Data entries:
-- Opening Marker --
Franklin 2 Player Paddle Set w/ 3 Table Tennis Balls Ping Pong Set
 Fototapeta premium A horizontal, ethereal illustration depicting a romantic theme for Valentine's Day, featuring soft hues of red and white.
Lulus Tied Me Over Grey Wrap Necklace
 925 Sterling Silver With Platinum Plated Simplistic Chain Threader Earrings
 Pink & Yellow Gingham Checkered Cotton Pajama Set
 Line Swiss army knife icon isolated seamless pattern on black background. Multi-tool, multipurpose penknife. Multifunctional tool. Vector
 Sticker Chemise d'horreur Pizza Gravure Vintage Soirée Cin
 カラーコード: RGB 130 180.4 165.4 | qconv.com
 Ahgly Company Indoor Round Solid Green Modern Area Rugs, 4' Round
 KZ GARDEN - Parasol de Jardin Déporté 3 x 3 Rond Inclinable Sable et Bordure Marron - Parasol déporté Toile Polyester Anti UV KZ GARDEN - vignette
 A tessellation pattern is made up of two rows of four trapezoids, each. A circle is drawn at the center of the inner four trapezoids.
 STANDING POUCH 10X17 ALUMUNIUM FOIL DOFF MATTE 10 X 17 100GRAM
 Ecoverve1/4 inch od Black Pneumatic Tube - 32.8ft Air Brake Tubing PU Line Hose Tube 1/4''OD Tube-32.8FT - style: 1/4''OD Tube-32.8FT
-- Closing Marker --
* TASK INSTRUCTIONS
Transcribe the records in full, so that each line reads exactly as before.

* REPLY TO THE EXERCISE
Franklin 2 Player Paddle Set w/ 3 Table Tennis Balls Ping Pong Set
 Fototapeta premium A horizontal, ethereal illustration depicting a romantic theme for Valentine's Day, featuring soft hues of red and white.
Lulus Tied Me Over Grey Wrap Necklace
 925 Sterling Silver With Platinum Plated Simplistic Chain Threader Earrings
 Pink & Yellow Gingham Checkered Cotton Pajama Set
 Line Swiss army knife icon isolated seamless pattern on black background. Multi-tool, multipurpose penknife. Multifunctional tool. Vector
 Sticker Chemise d'horreur Pizza Gravure Vintage Soirée Cin
 カラーコード: RGB 130 180.4 165.4 | qconv.com
 Ahgly Company Indoor Round Solid Green Modern Area Rugs, 4' Round
 KZ GARDEN - Parasol de Jardin Déporté 3 x 3 Rond Inclinable Sable et Bordure Marron - Parasol déporté Toile Polyester Anti UV KZ GARDEN - vignette
 A tessellation pattern is made up of two rows of four trapezoids, each. A circle is drawn at the center of the inner four trapezoids.
 STANDING POUCH 10X17 ALUMUNIUM FOIL DOFF MATTE 10 X 17 100GRAM
 Ecoverve1/4 inch od Black Pneumatic Tube - 32.8ft Air Brake Tubing PU Line Hose Tube 1/4''OD Tube-32.8FT - style: 1/4''OD Tube-32.8FT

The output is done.